Quando a educadora fala de etnia, política, gênero, de aborto, do
desarmamento, busca estratégias que possibilitam reorganizar a proposta curricular
baseada em relações sociais de cumplicidade ideológica que transforma a natureza da
relação social impulsionada pela sua, pela nossa opção de vida.
Nessa dinâmica interativa estou diferente, Márcia Gilda também não é mais a
mesma e todos os Narcélios, Marias e Josés desta sala de aula e da Escola
perceberam o conforto e o desconforto que o conhecimento traz.
A pesquisa é uma experiência viva. É um documento que lança o desafio do
movimento da permanência.
Em uma sala de aula simples, percebo que ações também simples foram
fundamentais para garantia da permanência dos educandos. Tais como:
Ter paciência durante os diálogos Professor x Aluno;
O trabalho feito para elevar a auto-estima dos sujeitos que são aprendizes
e ensinantes (muitos não percebem que também ensinam).
A professora estimula o sonho, faz com que o educando acredite ser
capaz.
Em algumas atividades na escola recebem / acolhem a família do educando
também.
Assim retorno aqui minha questão central de pesquisa.
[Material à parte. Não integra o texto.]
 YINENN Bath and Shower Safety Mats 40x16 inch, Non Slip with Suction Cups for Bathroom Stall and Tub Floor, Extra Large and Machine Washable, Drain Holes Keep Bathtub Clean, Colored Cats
Lembra-se qual foi
151
minha indagação?
Quais as múltiplas determinações que causam a permanência de uma turma
da Educação de Jovens e Adultos em uma cultura predominante de evasão?
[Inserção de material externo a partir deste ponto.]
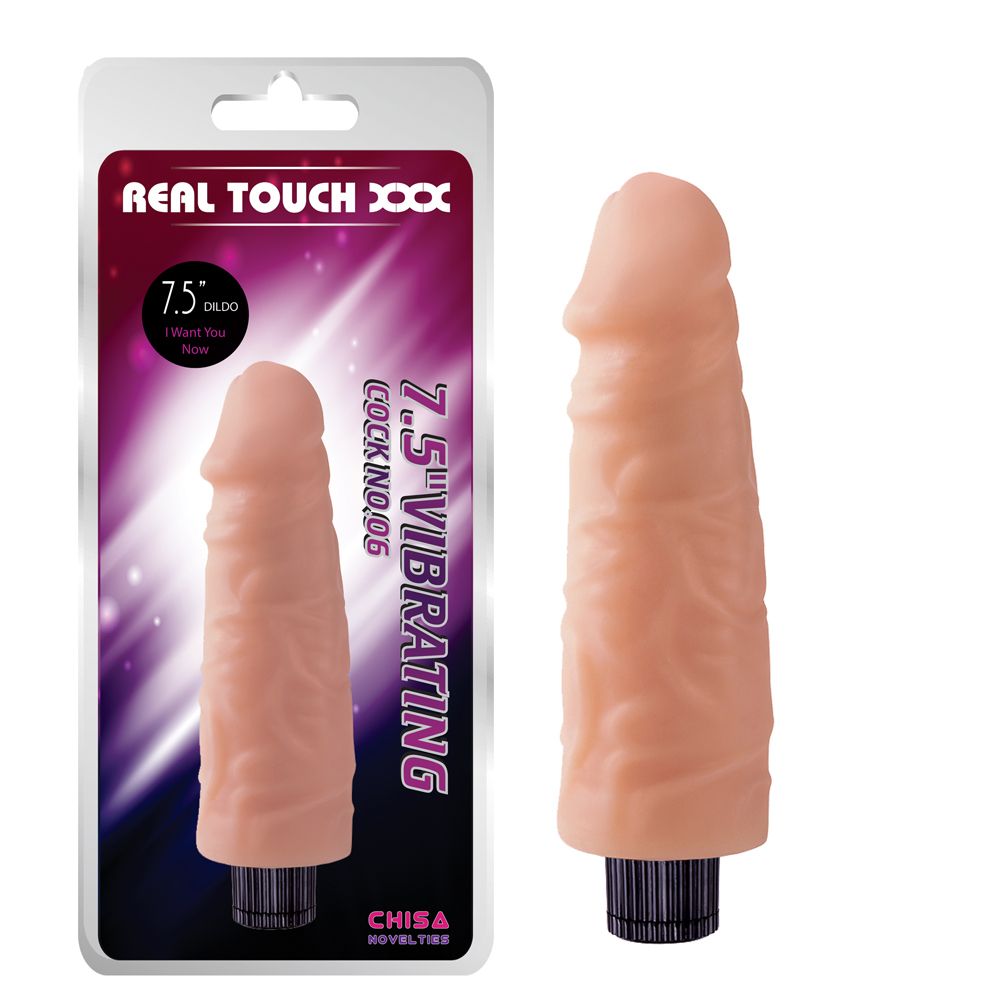 Телесный вибратор-реалистик 7.5" Vibrating Cock No.06 - 18,5 см.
Pesquisar é algo fascinante, pois jamais finalizamos.
Respondemos parte da pesquisa... pois outras inquietações vão surgindo.
Se compararmos o movimento de pesquisar com a interrupção do dia pela
noite, compreenderíamos assim: Vem o sol... que nos desperta para a inquietação da
vida, mas logo vem a noite... que nos lança em sono profundo, em silêncio, em
descanso... E assim vem a pausa que precisamos dar a pesquisa... vem o
distanciamento do objeto, mas logo a sonolência passa e nos entregamos a novas
questões... Surgem outras dúvidas...
O que foi compreendido não existe mais,O pássaro confundiu-se com o vento;
O céu, com sua verdade;O homem, com sua realidade.
Paul Eluard
Assim nossos Narcélios e Paulos são sujeitos falantes, pensantes que
elaboram/reelaboram seus diálogos. Vivenciam constantemente o confronto dialógico
dialético. São sujeitos que romperam com a educação do silêncio. Usufruem do direito
de ser. Foram acolhidos por uma educação pulsante / oxigenante.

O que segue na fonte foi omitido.